---- TASK DATA

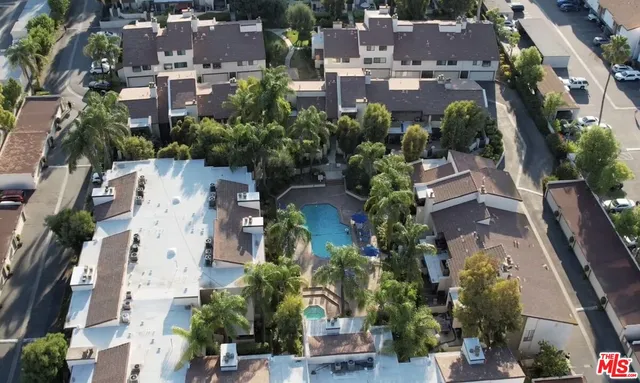 $599,000 | 5800 Owensmouth Avenue, Unit 25, Woodland Hills, CA 91367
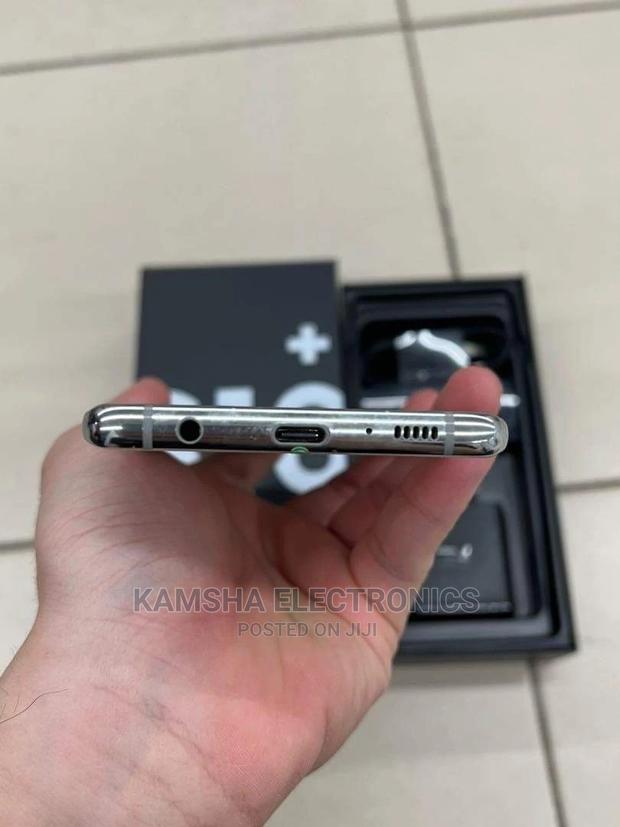 New Samsung Galaxy S10 Plus 128 GB Silver - thumbnail 2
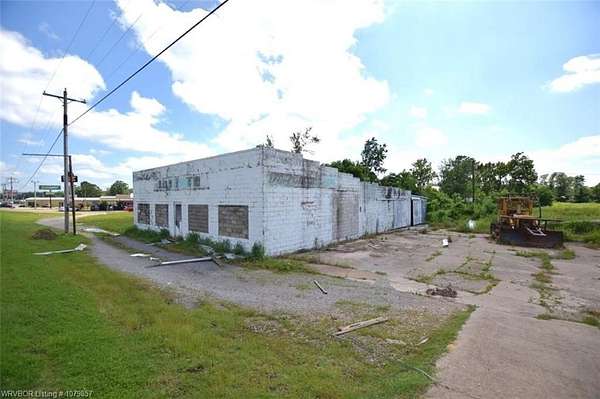 4.32 Acres of Mixed-Use Land for Sale in Stilwell, Oklahoma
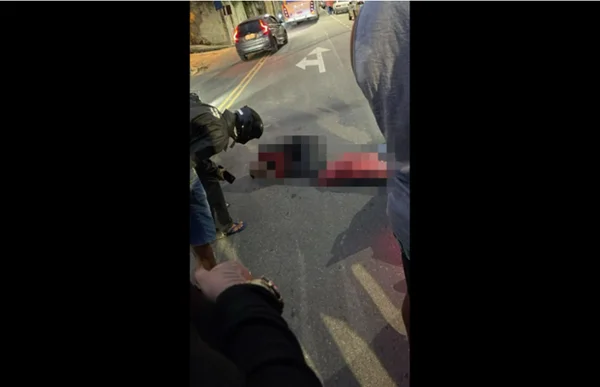 homem baleado no chão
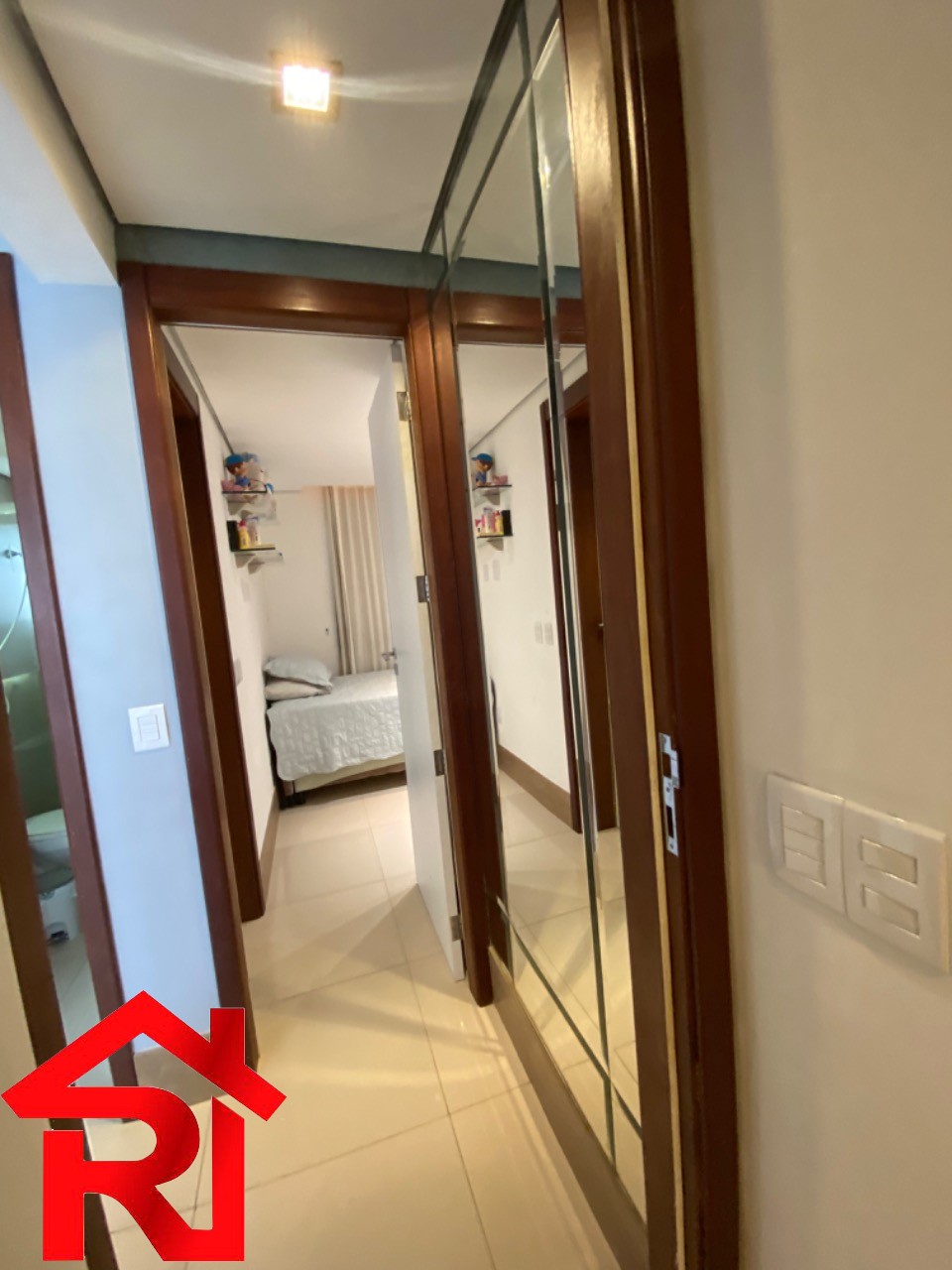 Apartamento à venda com 3 quartos, 98m² - Foto 23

--------

Repeat the data above exactly; images are not part of the copy.

**RESULT OF THIS EXERCISE**
 $599,000 | 5800 Owensmouth Avenue, Unit 25, Woodland Hills, CA 91367
 New Samsung Galaxy S10 Plus 128 GB Silver - thumbnail 2
 4.32 Acres of Mixed-Use Land for Sale in Stilwell, Oklahoma
 homem baleado no chão
 Apartamento à venda com 3 quartos, 98m² - Foto 23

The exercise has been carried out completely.